Going from the line that contains "Красный Рено 19, объемом" through the last line of the records, set down each line again exactly, both included, with pictures left out.
[Start of section]
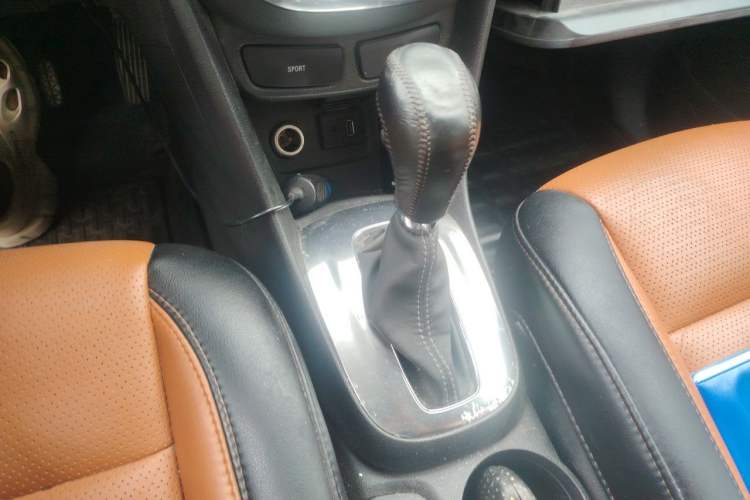 Used Buick Encore 2015 1.4T Automatic Two-Wheel Drive Urban Elite Version Gear Lever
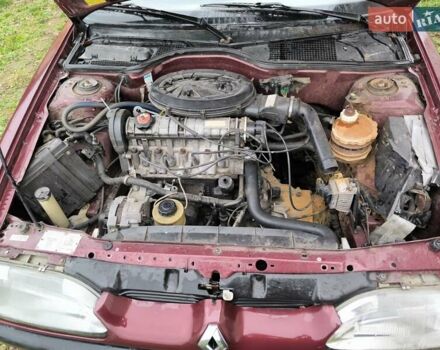 Красный Рено 19, объемом двигателя 1.6 л и пробегом 300 тыс. км за 800 $, фото 5 на Automoto.ua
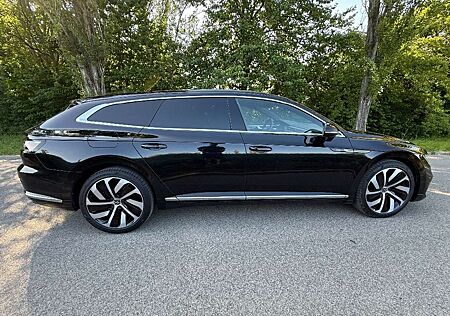 VW Arteon Volkswagen Shooting Brake 2.0 TDI SCR 4Motion DSG R-Line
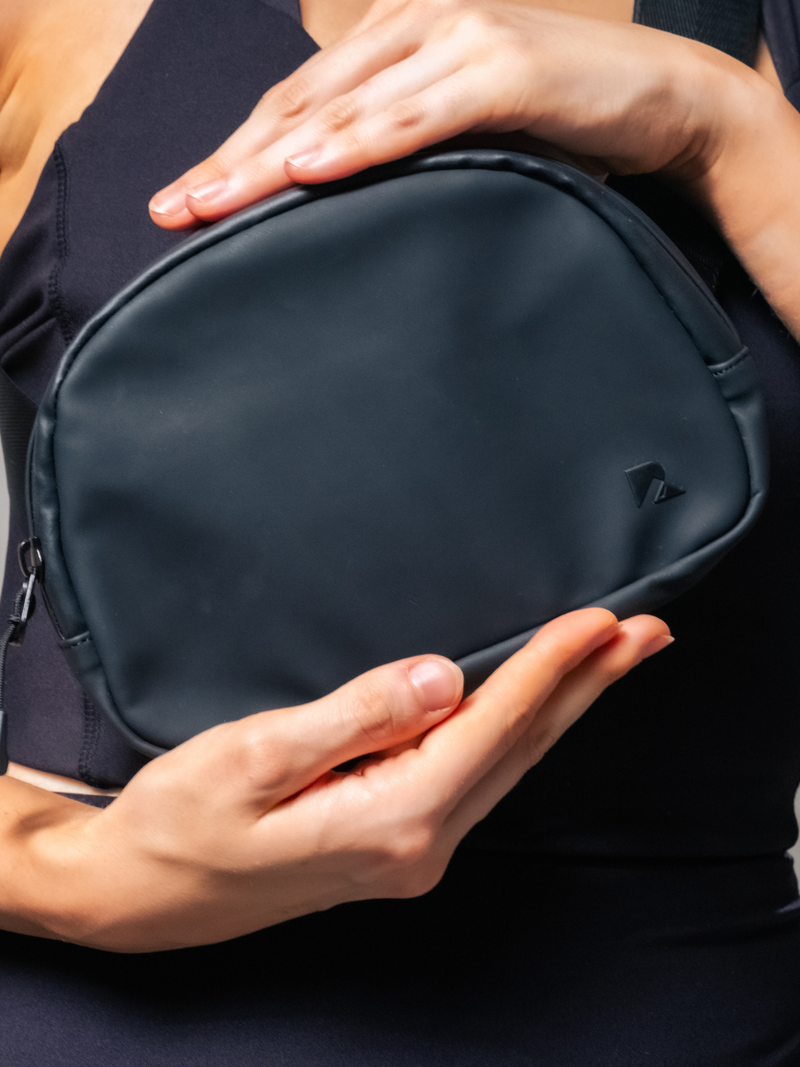 Load image into Gallery viewer, Runner's Athletics - LuxeGo Bag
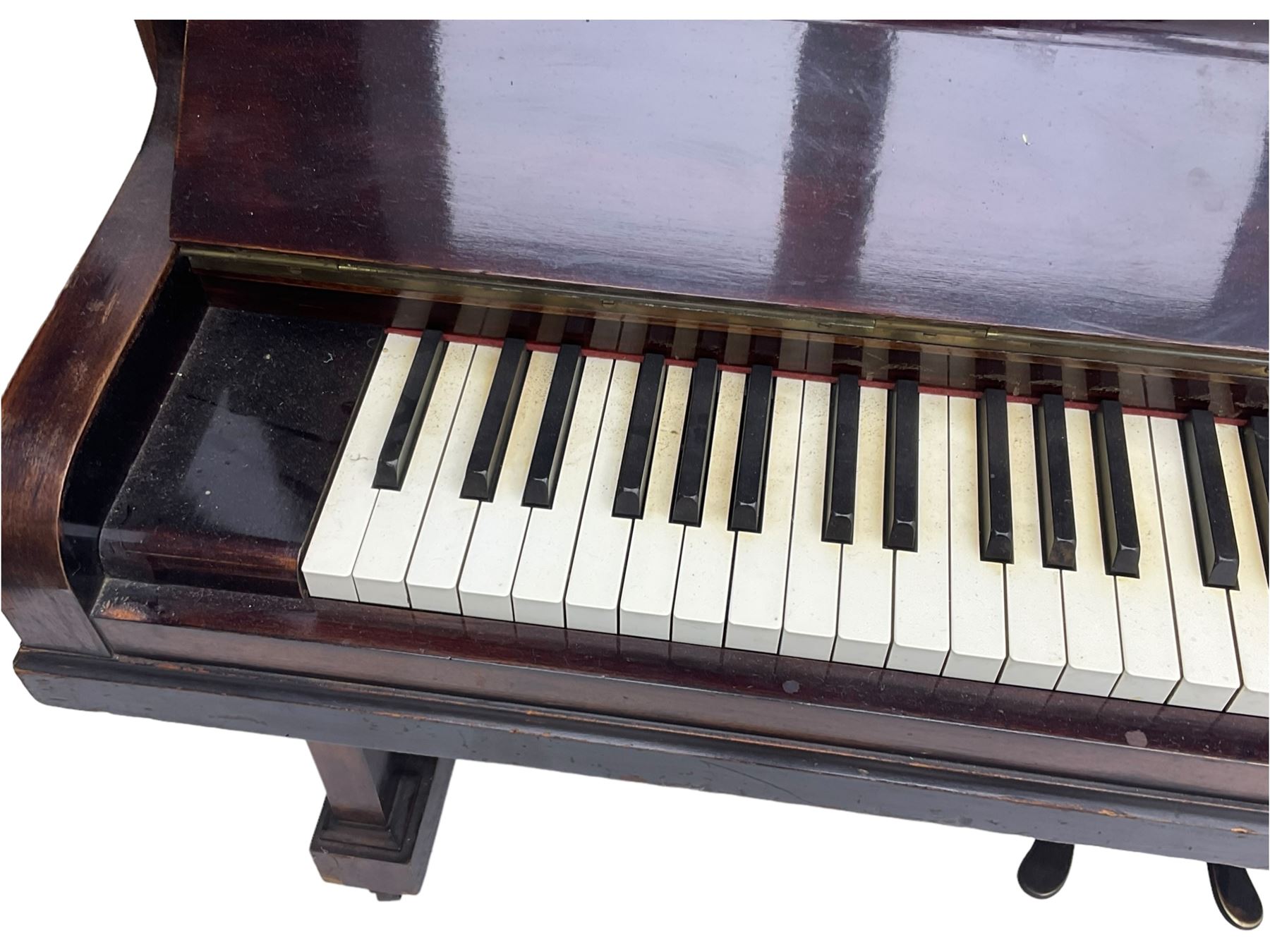 Cottam - Early 20th century (1920's) mahogany cased upright piano, with an overstrung frame and overdamper action, 85 notes A-A (seven octaves).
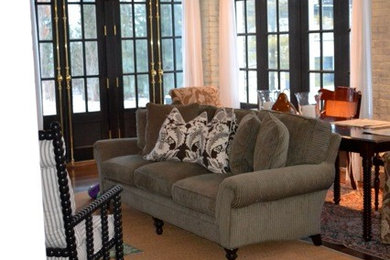 Example of a family room design in Chicago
[End of section]
▶ **WRITTEN ANSWER**
 Красный Рено 19, объемом двигателя 1.6 л и пробегом 300 тыс. км за 800 $, фото 5 на Automoto.ua
 VW Arteon Volkswagen Shooting Brake 2.0 TDI SCR 4Motion DSG R-Line
 Load image into Gallery viewer, Runner's Athletics - LuxeGo Bag
 Cottam - Early 20th century (1920's) mahogany cased upright piano, with an overstrung frame and overdamper action, 85 notes A-A (seven octaves).
 Example of a family room design in Chicago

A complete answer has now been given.